- Born: 4 August 1961 (age 64) United Kingdom
- Education: St. Andrew's Girls' Primary School, Queen's College, Barbados Community College, University of the West Indies (Cave Hill), Virginia Commonwealth University
- Occupations: Politician, journalist, businesswoman, activist
- Office: Senator and Parliamentary Secretary, Ministry of Culture and Community Development
- Political party: Democratic Labour Party
- Spouse: Granville Garner
- Children: 2 (Fidel and Malcolm)

= Irene Sandiford-Garner =

Barbadian politician

Irene Sandiford-Garner (born 4 August 1961) is a Barbadian politician, journalist, businesswoman and activist, who is a member of the Democratic Labour Party and national delegate to the Inter-American Commission of Women.

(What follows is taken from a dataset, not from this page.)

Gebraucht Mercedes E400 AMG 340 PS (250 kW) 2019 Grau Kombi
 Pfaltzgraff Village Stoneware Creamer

==Early life and education==
Sandiford-Garner was born in the United Kingdom and moved to Barbados at the age of eight.
She grew up in Saint Andrew Parish, and received her education at St. Andrew's Girls' Primary School, Queen's College, Barbados Community College and the University of the West Indies at Cave Hill Campus. She also received a scholarship by an earlier employer, the Nation Publishing Company, to study in the US at Virginia Commonwealth University in Richmond.

==Career==
Sandiford-Garner has been cited as the first female Barbadian journalist to land on Grenada after US intervention in 1983.
Between 1995 and 2006 Sandiford-Garner served as a marketing manager for Barbados's largest credit union, in which she was responsible for launching them in the US, a year after she became employed with them.

After a career in journalism and marketing, Sandiford-Garner joined the Democratic Labour Party . Since February 2008 she has been a senator and Parliamentary Secretary in the Ministry of Culture and Community Development, and since August 2008, she has been a national delegate to the Inter-American Commission of Women. She has also been involved in the 25th Regional Women of the Church of God Symposium, various UNIFEM workshops across the Caribbean, and was a featured speaker for the 2009 International Women's Day symposium, held by the National Organization for Women (NOW).

==Personal life==
Sandiford-Garner is married to Granville Garner and has two sons, Fidel and Malcolm. The couple own a laundry and an entertainment management firm.